Reviews

Gippi: Coming-of-age, the Bollywood way

3 Stars

Nothing original, but it will leave a smile on your face.

Gippit Poster

Gurpreet/Gippi (Riya Vij) is a gawky, overweight 14-year-old girl trying to cope with the difficulties of life at school and home. At home, Gippi  must deal with the ‘adult situation’ of her parents’ divorce. She must help her mother Pappi (Divya Dutta) come to terms with her ex-husband’s quick second marriage. Gippi has a love-hate relationship with her brother Booboo (Arbaz Kidwani), who appears to be gay.

At school, Gippi is bunched with other losers: Anchal (Doorva Tripathi) is quiet and struggling with her periods, and Ashish (Aditya Deshpande) is a nerd with a winning smile, in love with Gippi. Shamira (Jayati Modi) is The Perfect Girl – a beautiful bully, and Gippi’s arch nemesis.

Where are Gippi’s love interests, you ask?

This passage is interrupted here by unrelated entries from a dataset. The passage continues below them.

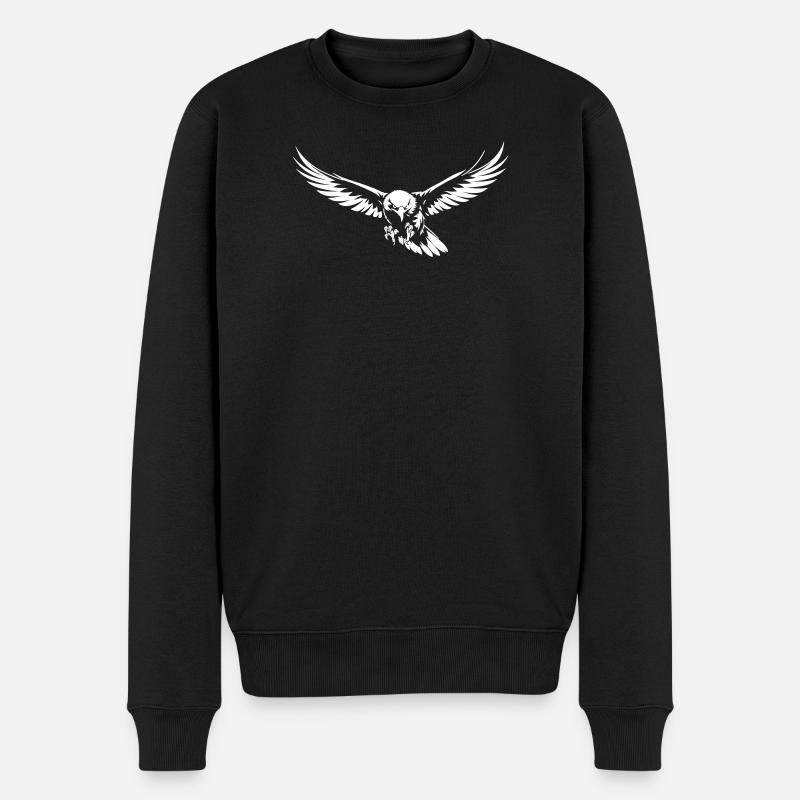 Angreifender Adler im Flug - Männer Premium Bio Pullover - Schwarz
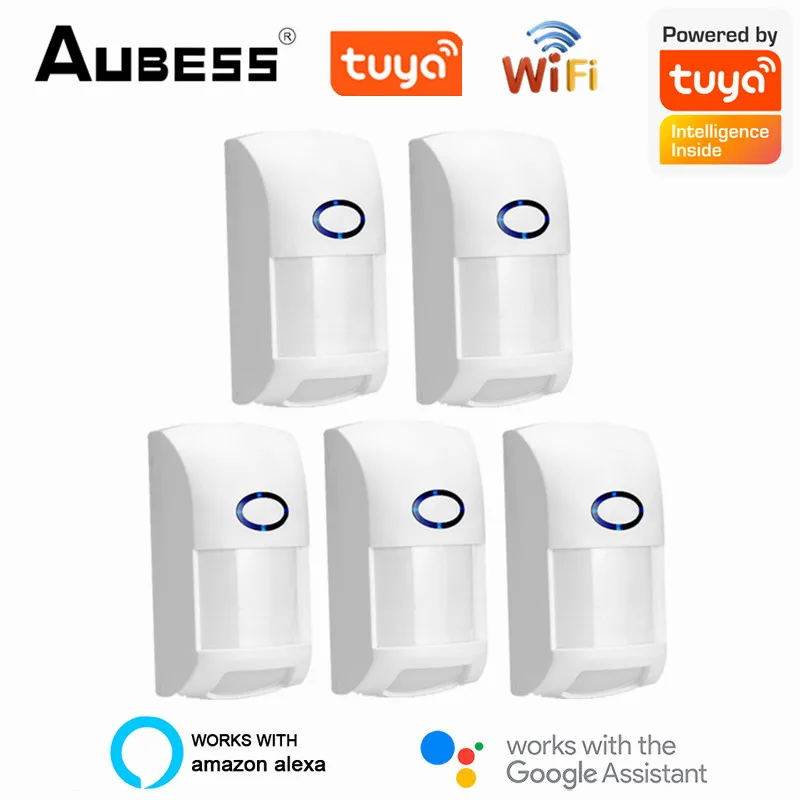

Смарт-датчик движения Aubess Tuya, инфракрасный детектор движения, с Wi-Fi, с сигнализацией для умного дома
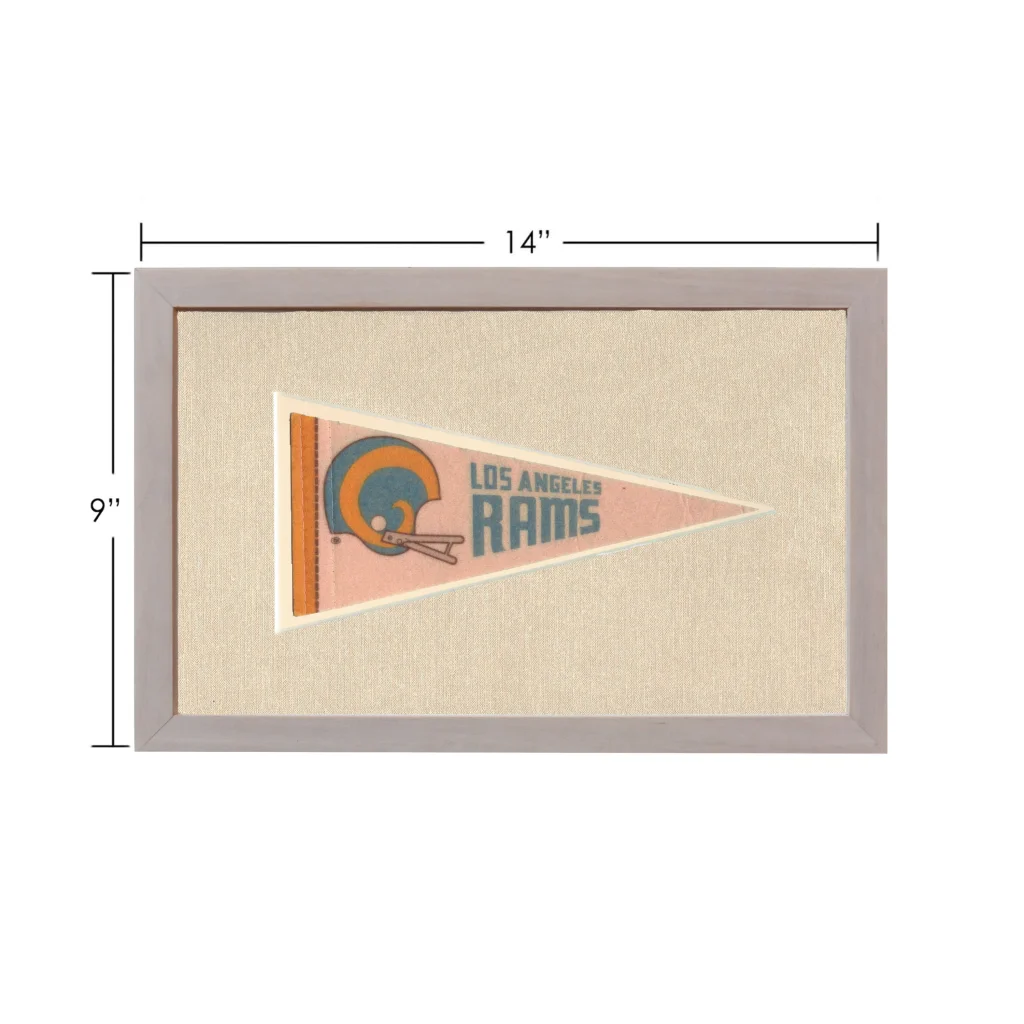 Vintage Los Angeles Rams pennant framed on pink background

Kabir (Mrinal Chawla), is a shy, ambivalent new guy in class who quickly becomes an uncomfortable part of Shamira’s gang. Arjun (Taaha Shah) is the quintessential bad boy. Good looking, chain-smoking and in high school (therefore older and with beard). Needless to say, Gippi falls for Arjun.

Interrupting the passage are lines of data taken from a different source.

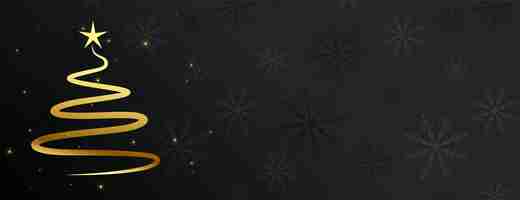 Gratis vector gouden handgetekende kerstboom op zwarte banner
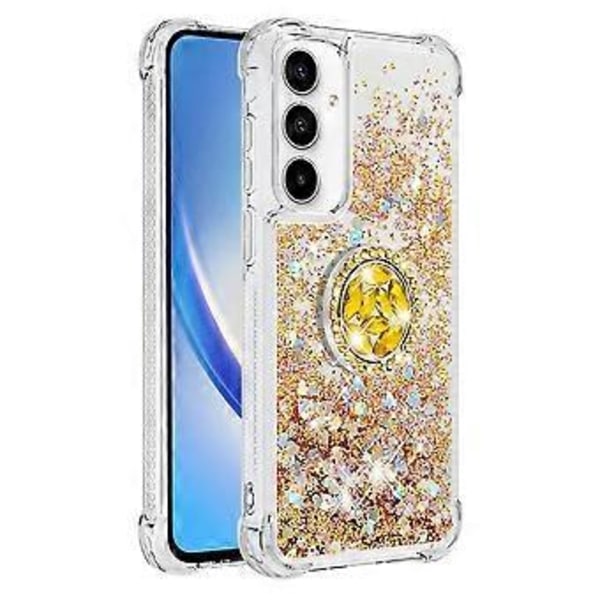För Samsung Galaxy A35 5G TPU Skal med Stöd Quicksand Stöttåligt Skydd (Guld/Hjärtan)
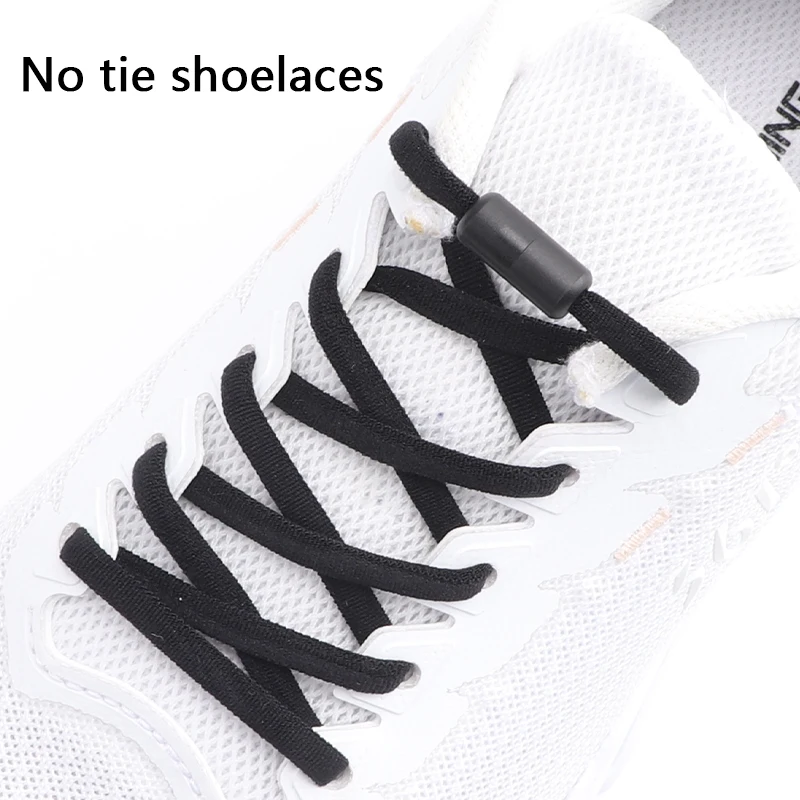 Elastic laces Sneakers Colorful Options No tie Shoelace for Sports Round Shoelaces without ties Kids Adult Shoes Accessories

In the ensuing melee, Gippi must face-off against Shamira in the school’s Head Girl election, and this is what drives the plot.

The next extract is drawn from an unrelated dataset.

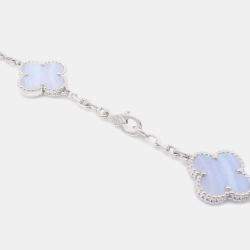 Van Cleef & Arpels 18K White Gold Vintage Alhambra 20 Motif Long Necklace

Now I feel I must point out that I was not very excited to watch this film. The promos involved a flurry of 35-second YouTube videos where Alia Bhatt, Varun Dhawan, Sidharth Malhotra, Arjun Kapoor, Parineeti Chopra and Imran Khan individually talk about meeting Gippi, a marketing strategy that needed to have its head examined. The audience is immediately going to compare the film with Student of the Year. I don’t want to be reminded of SOTY (and in this, I am not alone). Gippi is a movie that tells its audience its OK to be who you are; you don’t have to be good-looking or have a perfect body. What better way to market this story than by having 6 good-looking stars with perfect bodies tell us we needn’t be like them?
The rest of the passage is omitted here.